O que distingue esta delinquência real e cruel de adolescentes pobres, daquela narrada pela mesma rede nas noites de semana, na novela “A favorita”? No primeiro caso, não sabemos qual será o desfecho da história destes jovens. Alguns possivelmente serão vítimas do próprio narcotráfico, como o seriado “Dimenor” insinua. No segundo caso, Flora, a delinquente da ficção se alimenta bem, mata muitos, mente e engana durante grande parte do enredo da novela. Cabe aos representantes do Bem o triunfo em alguns míseros capítulos finais, que serão logo esquecidos. Para a mídia, apresentar a desumanização, tanto na ficção quanto na vida real, causa um impacto emocional momentâneo no telespectador. Transforma-se numa lúgubre forma de entretenimento. E nada mais.

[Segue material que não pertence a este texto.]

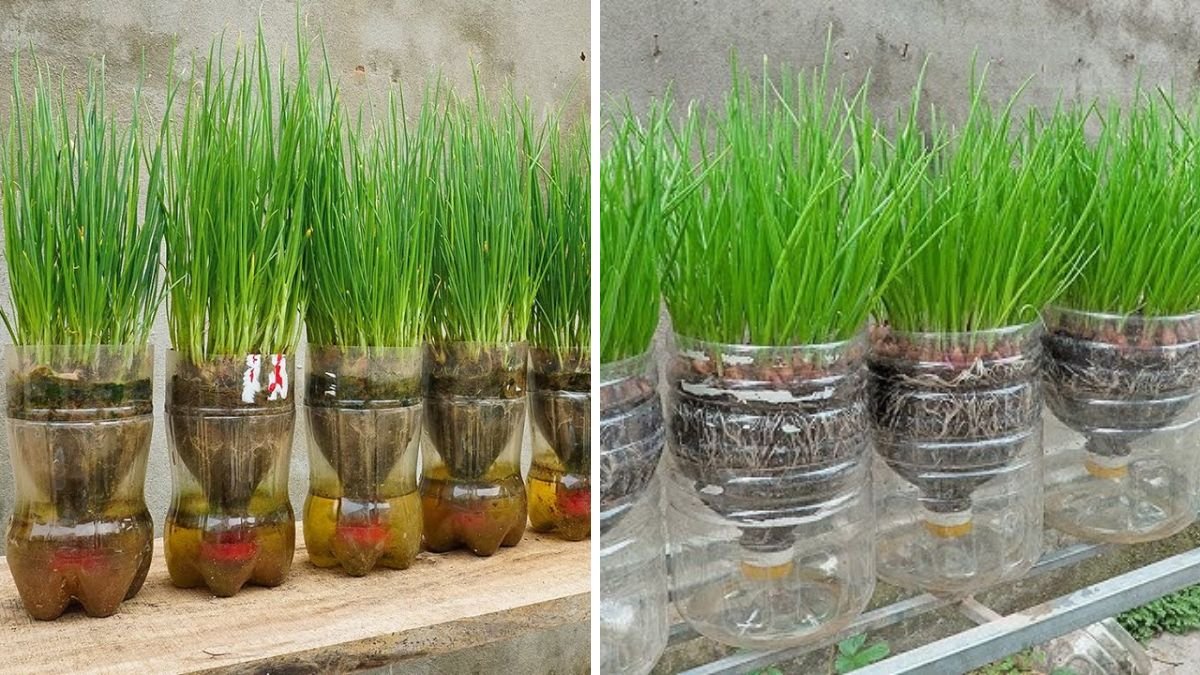 Don’t Waste Your Money! Super Easy Tips for Growing Onions at Home That Actually Work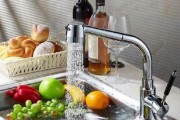 家庭饮用水的净化（分析家庭净水器的必要性及影响因素）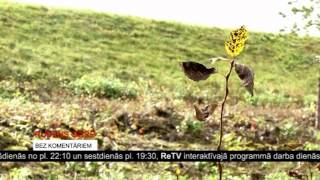 OgresTV: Bez komentāriem: Rudens Ogrē (12.10.2012)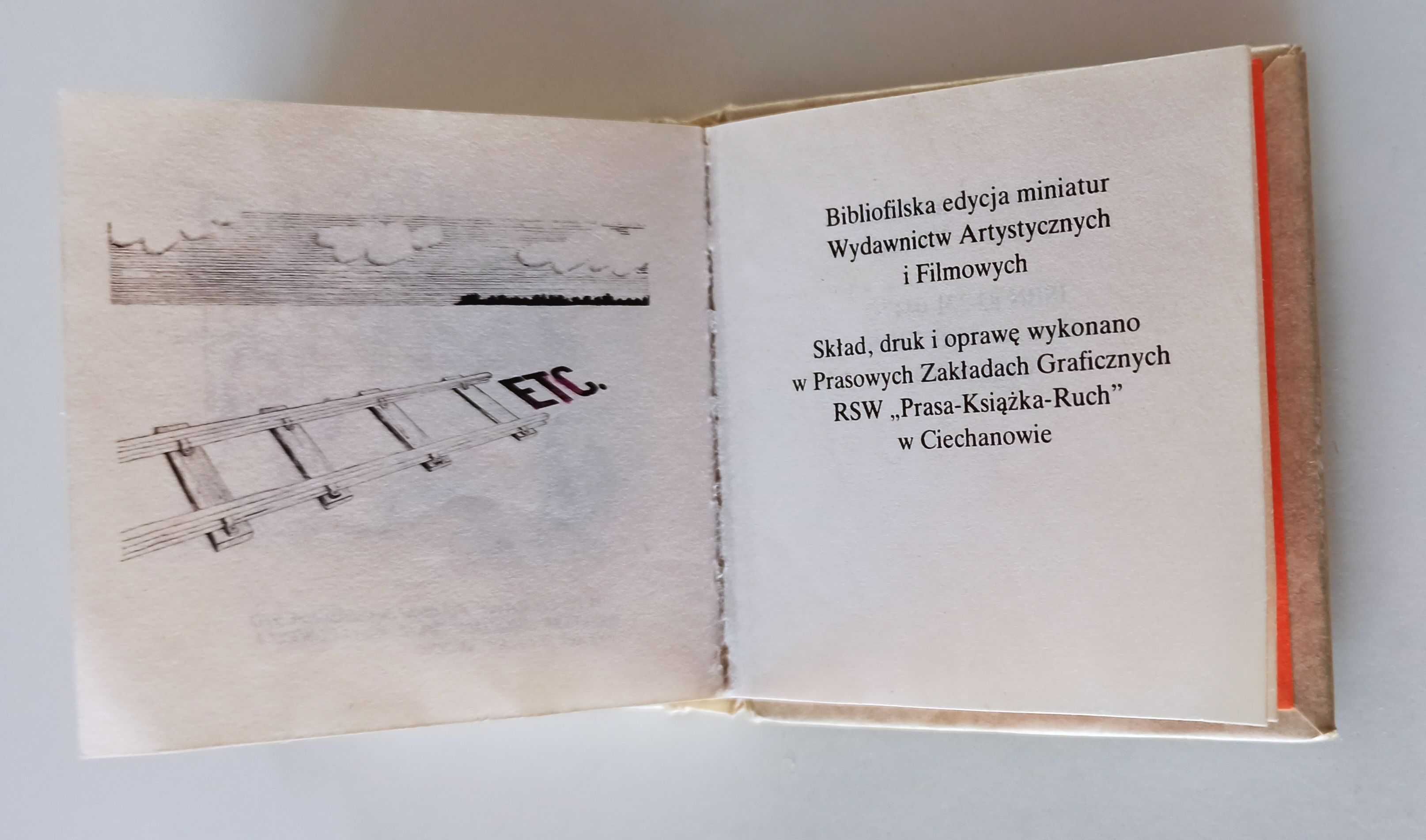 Zbigniew Jujka Żart na stronę jak Andrzej Mleczko rysunki satyryczne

O mais grave da reportagem do Fantástico é desconectar a delinqüência juvenil das suas causas sociais e culturais. Quem atua na área social sabe que, por detrás de um adolescente infrator, há uma enorme trama na qual se misturam violência, exclusão social, falta de oportunidades de acesso à educação e à cultura, núcleo familiar desestruturado, ausência de perspectiva para viver, etc... Soluções simples e imediatistas são ineficazes. Não se trata somente de ampliar o tempo limite para a privação de liberdade, como o programa diz nas entrelinhas, mas efetivamente oferecer possibilidades para que um adolescente tenha condições de transformar sua vida. Enquanto a mídia se contentar em apresentar fatos isolados, com coloração trágica, sem relacioná-los com suas causas e alternativas conjugadas de mudança, estaremos mergulhados numa sequência de fatos desconexos. E sem esperanças.
Para muitos adolescentes que já chegaram à situação de infratores, depois de uma vida atribulada, as chances são pequenas, mas ainda existem. Para tantos outros, no limite tênue da pobreza e da marginalidade, as possibilidades de se tornarem cidadãos com dignidade serão maiores, se efetivamente se consolidarem políticas públicas de educação e inserção social. E seria muito bom que a Globo lembrasse disso na próxima vez. Especialmente no momento em que os novos prefeitos e vereadores assumem seus mandatos.